Converting cartesian to polar double integral

The integration area is shaded and their polar boundaries are marked in the graph. Moreover, in polar coordinates $$x^2y dy dx= r^4\cos^2\theta\sin\theta drd\theta=f(r,\theta)drd\theta$$ and the integral is given as

$$\int_{\frac\pi4}^0 \int_3^{\frac3{\cos\theta}} f(r,\theta) drd\theta +\int_{\frac\pi4}^{\pi} \int_0^{3} f(r,\theta)drd\theta +\int_{\pi}^{\frac{5\pi}4} \int_0^{-\frac3{\cos\theta}} f(r,\theta)drd\theta = - \frac{81}5 $$

Remark that $x\ge \sqrt{9-x^2}$ when $\frac 3{\sqrt 2}\le x\le 3$.

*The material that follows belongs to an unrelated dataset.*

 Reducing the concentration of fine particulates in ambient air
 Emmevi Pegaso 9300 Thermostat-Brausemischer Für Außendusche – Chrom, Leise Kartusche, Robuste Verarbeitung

By a well-known theorem (see, for instance, [Fich, 596]), the given double integral is equal to $\int_{S} x^2y dx dy-\int_{S’} x^2y dx dy $, where $$S=\left\{(x,y)\in\Bbb R^2: -3\le x\le 3,\, x\le y\le \sqrt{9-x^2}\right\}$$ and $$S’=\left\{(x,y)\in\Bbb R^2: \frac 3{\sqrt 2}\le x\le 3,\, \sqrt{9-x^2}\le y\le x\right\}.$$

The correspondence between Cartesian coordinates $(x,y)\in\Bbb R^2$ and polar coordinates $(r,\varphi)\in\Bbb R^+\times [0,2\pi)$ is $x=r\cos\varphi $, $y=r\sin\varphi$, $$S=\{(r,\varphi): 0\le r\le 3,\, \pi/4\le \varphi\le \pi\}\cup$$ $$\{(r,\varphi): 0\le r\le - 3/\cos\varphi,\, \pi\le \varphi\le 5\pi/4\},$$ $$S’=\{(r,\varphi): 3\le r\le 3/\cos\varphi,\, 0\le \varphi\le \pi/4\},$$

and $dS=r dr d\varphi$. Thus

$$\int_S x^2y dx dy=\int_{\pi/4}^{\pi}\int_0^3 r^4\cos^2\varphi\sin\varphi dr d\varphi+$$ $$\int_{\pi}^{5\pi/4}\int_0^{-3/\cos\varphi} r^4\cos^2\varphi\sin\varphi dr d\varphi- \int_{0}^{\pi/4}\int_0^{3/\cos\varphi} r^4\cos^2\varphi\sin\varphi dr d\varphi.$$

References

[Fich] Grigoriy Fichtenholz, Differential and Integral Calculus, v. III, 4-th edition, Moscow: Nauka, 1966, (in Russian).